Super CSV / Discussion / Open Discussion: Reading Objects using (I)CsvListReader

Reiner Saddey - 2008-01-19

I don't want the overhead of maps, but I still require Objects to be read. That's something (I)CsvListReader does not offer.

Easy job, I thought - but I was wrong.

I extended both (I)CsvListReader interface and implementation and ran into a problem when implementing public List<? super Object> readObjetcs( final CellProcessor[] processors ) throws IOException.

Although the field tokenizer (from AbstractCsvReader) is accessible due to its protected qualifier, it still cannot be used, as its type ITokenizer is package private to org.supercsv.io.

I'll work-around by either...
1. moving my implementation to org.supercsv.io, or
2. casting tokenizer to a (public) implementation Tokenizer.

Both ways, I'm not quite happy producing bad-styled code.

Protected interfaces can only be declared within classes and I doubt AbstractCsvReader would be a viable option.
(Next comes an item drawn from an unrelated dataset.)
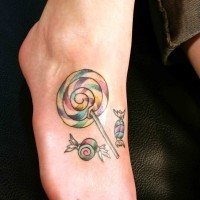 Süßes Tattoo von Lollipop und Bonbons auf dem Fuß für Frau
But still, what's the point of keeping ITokenizer package private and at the same time publishing its implementation? My vote goes for changing ITokinzer to public. Although this might create outside dependencies, it's not worse than using ( ( Tokenizer )tokenizer ).xxx in the first place.

The concept of cell processors is really very smart, as it allows to read typed column data. I'll most probably have to implement a new cell processor for retrieving BigDecimals and I trust SuperCSV will do its job efficiently - both in terms of coding and runtime performance.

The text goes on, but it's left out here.